### [EXERCISE AIM]
Keep to one stretch of the data below, the lines from the one with "Tan sandals" up to and including the one with "Rigatoni Carbonara 250g Cal Fruitós", and return that stretch exactly.

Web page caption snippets

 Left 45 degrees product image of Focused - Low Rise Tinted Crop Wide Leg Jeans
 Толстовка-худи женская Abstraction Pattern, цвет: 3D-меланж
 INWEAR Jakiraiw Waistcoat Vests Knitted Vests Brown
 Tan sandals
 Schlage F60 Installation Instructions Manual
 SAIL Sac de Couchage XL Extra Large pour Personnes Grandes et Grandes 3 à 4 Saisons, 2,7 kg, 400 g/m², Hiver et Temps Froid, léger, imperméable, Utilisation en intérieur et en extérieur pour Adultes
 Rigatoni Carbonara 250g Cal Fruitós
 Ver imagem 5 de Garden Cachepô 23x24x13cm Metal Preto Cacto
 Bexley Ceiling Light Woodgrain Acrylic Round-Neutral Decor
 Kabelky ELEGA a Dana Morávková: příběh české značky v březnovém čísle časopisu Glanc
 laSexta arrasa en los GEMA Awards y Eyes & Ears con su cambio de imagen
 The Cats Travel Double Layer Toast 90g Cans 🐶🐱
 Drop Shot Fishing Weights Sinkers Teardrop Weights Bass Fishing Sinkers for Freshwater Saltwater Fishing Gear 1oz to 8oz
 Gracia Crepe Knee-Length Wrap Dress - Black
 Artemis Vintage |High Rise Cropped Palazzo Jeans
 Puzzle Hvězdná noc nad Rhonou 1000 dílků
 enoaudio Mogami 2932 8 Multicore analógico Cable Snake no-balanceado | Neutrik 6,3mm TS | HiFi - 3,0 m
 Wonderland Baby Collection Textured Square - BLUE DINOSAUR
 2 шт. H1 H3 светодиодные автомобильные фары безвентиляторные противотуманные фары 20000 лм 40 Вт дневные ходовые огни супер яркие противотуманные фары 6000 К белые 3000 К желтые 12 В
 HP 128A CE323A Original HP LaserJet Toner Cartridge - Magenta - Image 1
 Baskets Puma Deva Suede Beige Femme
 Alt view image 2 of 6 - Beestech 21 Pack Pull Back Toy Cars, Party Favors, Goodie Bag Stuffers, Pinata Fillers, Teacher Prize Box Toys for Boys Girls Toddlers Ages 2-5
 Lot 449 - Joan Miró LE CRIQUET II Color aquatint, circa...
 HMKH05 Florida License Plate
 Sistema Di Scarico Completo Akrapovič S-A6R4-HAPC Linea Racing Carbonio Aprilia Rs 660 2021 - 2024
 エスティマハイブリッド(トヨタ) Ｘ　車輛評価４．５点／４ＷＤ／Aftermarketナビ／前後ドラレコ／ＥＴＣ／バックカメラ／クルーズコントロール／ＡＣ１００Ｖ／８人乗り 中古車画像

### [TASK ANSWER]
 Tan sandals
 Schlage F60 Installation Instructions Manual
 SAIL Sac de Couchage XL Extra Large pour Personnes Grandes et Grandes 3 à 4 Saisons, 2,7 kg, 400 g/m², Hiver et Temps Froid, léger, imperméable, Utilisation en intérieur et en extérieur pour Adultes
 Rigatoni Carbonara 250g Cal Fruitós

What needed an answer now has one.